Retype each entry. Leave every word as it is.

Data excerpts
Content starts
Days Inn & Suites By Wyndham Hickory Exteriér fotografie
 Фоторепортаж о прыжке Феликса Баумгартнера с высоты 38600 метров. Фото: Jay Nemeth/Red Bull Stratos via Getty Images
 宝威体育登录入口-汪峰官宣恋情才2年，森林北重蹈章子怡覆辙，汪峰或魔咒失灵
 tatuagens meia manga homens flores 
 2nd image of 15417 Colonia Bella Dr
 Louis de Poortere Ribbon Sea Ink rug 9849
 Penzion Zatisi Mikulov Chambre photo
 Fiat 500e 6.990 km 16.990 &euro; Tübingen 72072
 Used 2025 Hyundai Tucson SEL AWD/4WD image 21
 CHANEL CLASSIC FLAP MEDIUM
Content ends
* [Expected answer]
Days Inn & Suites By Wyndham Hickory Exteriér fotografie
 Фоторепортаж о прыжке Феликса Баумгартнера с высоты 38600 метров. Фото: Jay Nemeth/Red Bull Stratos via Getty Images
 宝威体育登录入口-汪峰官宣恋情才2年，森林北重蹈章子怡覆辙，汪峰或魔咒失灵
 tatuagens meia manga homens flores 
 2nd image of 15417 Colonia Bella Dr
 Louis de Poortere Ribbon Sea Ink rug 9849
 Penzion Zatisi Mikulov Chambre photo
 Fiat 500e 6.990 km 16.990 &euro; Tübingen 72072
 Used 2025 Hyundai Tucson SEL AWD/4WD image 21
 CHANEL CLASSIC FLAP MEDIUM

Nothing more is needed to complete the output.